Hi, I have a trial day as a line chef at Wagamama on Sunday, 11-3.
I've never actually had any experience as a chef or anything like that before, but I'm really enthusiastic about it and I've waitressed and worked in a fish & chip shop for 3 years so I have the customer service bit down.
Does anyone have any advice for me? I really, really want this job and I really want to make a good impression but I'm scared as I have no experience at being a line chef...or any chef at all, really!


----------



## pipipluuup (Jul 13, 2012)

Anyone? I'm sorry to be pushy, but I'm just pretty nervous and I really want to do well...


----------



## modchef (May 17, 2012)

There was a decent post similar to this not long ago, at http://www.cheftalk.com/t/70495/fir...hen-do-s-and-donts-what-to-expect#post_387405

I've seen a lot of nervous, excited stages. The simplest advice I can give you is to ask (smart) questions about whatever you're asked to do, and then do your dangdest to execute it exactly how you're shown. There's nothing worse than a stage who's so anxious to impress that they don't take the time to understand what you want, take an hour cutting all your carrots for the night wrong (come on obliques aren't THAT hard) and then make more work for the rest of the line. I'd much rather spend a few extra minutes explaining and demo'ing what I want so you can do it correctly and actually contribute to service. This also isn't the time to try to wow them with your creativity. Consistency is paramount for a good kitchen and what separates the best line cooks from the rest. You're more likely to impress if you show that you can follow direction and execute what you're asked to.

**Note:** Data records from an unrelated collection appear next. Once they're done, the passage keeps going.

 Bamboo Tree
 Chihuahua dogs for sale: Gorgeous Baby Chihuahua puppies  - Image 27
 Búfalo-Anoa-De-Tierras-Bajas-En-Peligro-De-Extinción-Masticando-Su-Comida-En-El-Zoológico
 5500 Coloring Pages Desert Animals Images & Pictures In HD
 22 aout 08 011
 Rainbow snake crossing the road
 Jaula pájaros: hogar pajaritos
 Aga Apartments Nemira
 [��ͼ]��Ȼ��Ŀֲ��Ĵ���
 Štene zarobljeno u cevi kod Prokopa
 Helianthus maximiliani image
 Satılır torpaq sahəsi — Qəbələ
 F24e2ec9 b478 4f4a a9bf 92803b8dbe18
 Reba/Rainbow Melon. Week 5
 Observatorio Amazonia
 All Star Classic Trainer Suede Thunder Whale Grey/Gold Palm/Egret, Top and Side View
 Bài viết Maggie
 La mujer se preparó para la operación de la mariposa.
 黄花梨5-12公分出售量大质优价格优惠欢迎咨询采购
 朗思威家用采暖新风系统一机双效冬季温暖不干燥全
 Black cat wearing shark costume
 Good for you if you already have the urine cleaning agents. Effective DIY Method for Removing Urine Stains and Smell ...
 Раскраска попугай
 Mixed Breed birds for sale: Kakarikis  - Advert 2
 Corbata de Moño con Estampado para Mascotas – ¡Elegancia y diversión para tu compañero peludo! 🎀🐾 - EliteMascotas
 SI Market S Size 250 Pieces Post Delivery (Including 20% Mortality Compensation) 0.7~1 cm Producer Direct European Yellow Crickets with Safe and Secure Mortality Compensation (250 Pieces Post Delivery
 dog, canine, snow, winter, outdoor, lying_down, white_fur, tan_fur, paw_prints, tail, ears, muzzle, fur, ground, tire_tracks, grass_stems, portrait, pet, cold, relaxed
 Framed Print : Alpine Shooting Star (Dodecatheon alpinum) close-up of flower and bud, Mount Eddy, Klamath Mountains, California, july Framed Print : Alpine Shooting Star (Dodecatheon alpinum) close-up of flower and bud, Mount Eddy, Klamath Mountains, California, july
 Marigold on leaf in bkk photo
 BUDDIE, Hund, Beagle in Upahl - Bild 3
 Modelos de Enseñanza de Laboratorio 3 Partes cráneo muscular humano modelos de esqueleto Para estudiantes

Work as hard and fast as you're able, ask the right questions, don't screw up. Piece of cake, right? Let us know how it goes.


----------



## cacioepepe (Apr 3, 2011)

If you're going in with a positive attitude, a certain amount of skill, and some humility you should be fine.  Like modchef said, do what they ask you, do it correctly and do it in a timely manner.  Be straightforward in your questions and your responses.  If you don't know how to do something, say it.  Don't fake the funk.  Kitchens want someone that can learn to do stuff their way, not someone who thinks they know whats best.  Remember this is the BOH, not the FOH.  Don't lean, cross your arms or look bored.  Ask for something to do.  Ask another cook if they need something.  As long as the restaurant knows you have no experience and are appreciative of your drive to learn it, could be a wonderful relationship.


----------



## cacioepepe (Apr 3, 2011)

And yes....let us know how it goes!


----------



## pipipluuup (Jul 13, 2012)

Thanks very much, the extent of my skill is occasionally cooking meals at home. I can chop vegetables and cook noodles (which is pretty much most of what I'll be doing, I think) but that's about it. I've never sliced or dice meat or anything.
I just hope I do well enough to impress or for them to think I'm at least competent enough to keep on. That's all I want, really. Again, I've no experience in this area at all, but it's something I really want to try out.


----------